--- DATA BLOCK ---

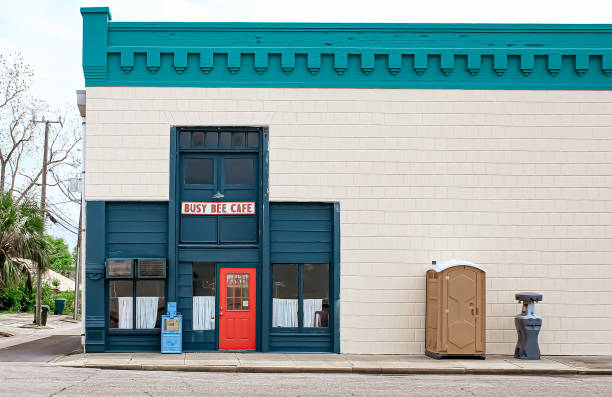 Best Event porta potty rental  in Racine, WI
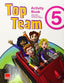 Top Team 5 5º EP WB 14 MEC VICIN15EP (Vicens Vives) - 9788468221885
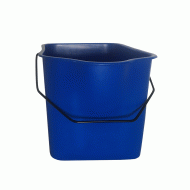 Κουβάς πλαστικός χωρητικότητας 25lit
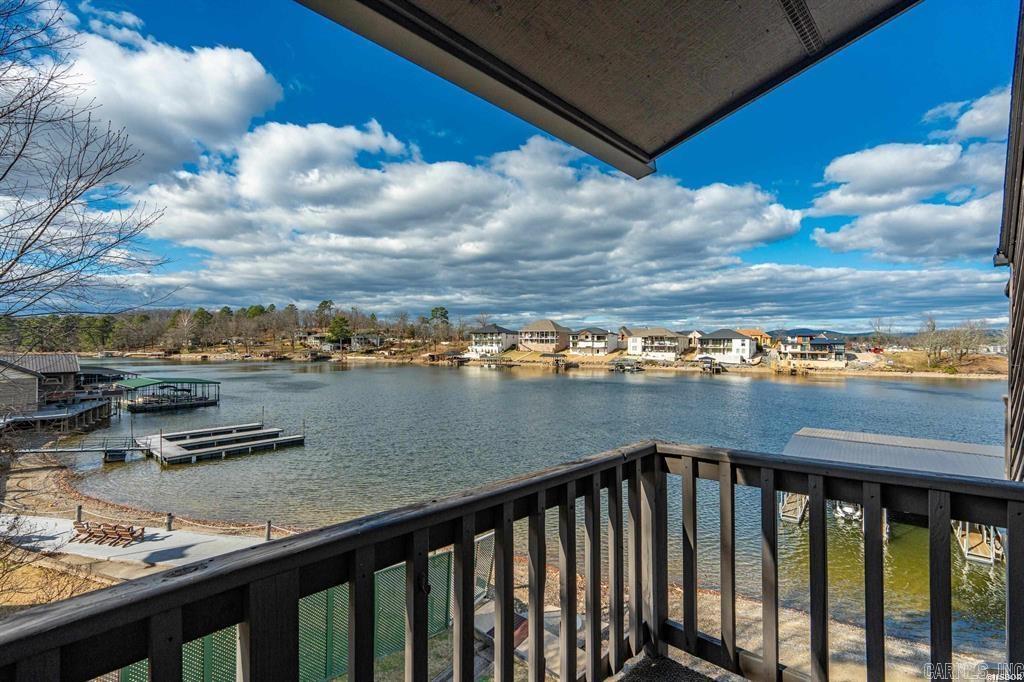 200 Hamilton Oaks  Hot Springs, AR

---

* _WHAT IS EXPECTED_: Return a verbatim transcription of the data, omitting all images.

* _SOLUTION BELOW_:
 Best Event porta potty rental  in Racine, WI
 Top Team 5 5º EP WB 14 MEC VICIN15EP (Vicens Vives) - 9788468221885
 Κουβάς πλαστικός χωρητικότητας 25lit
 200 Hamilton Oaks  Hot Springs, AR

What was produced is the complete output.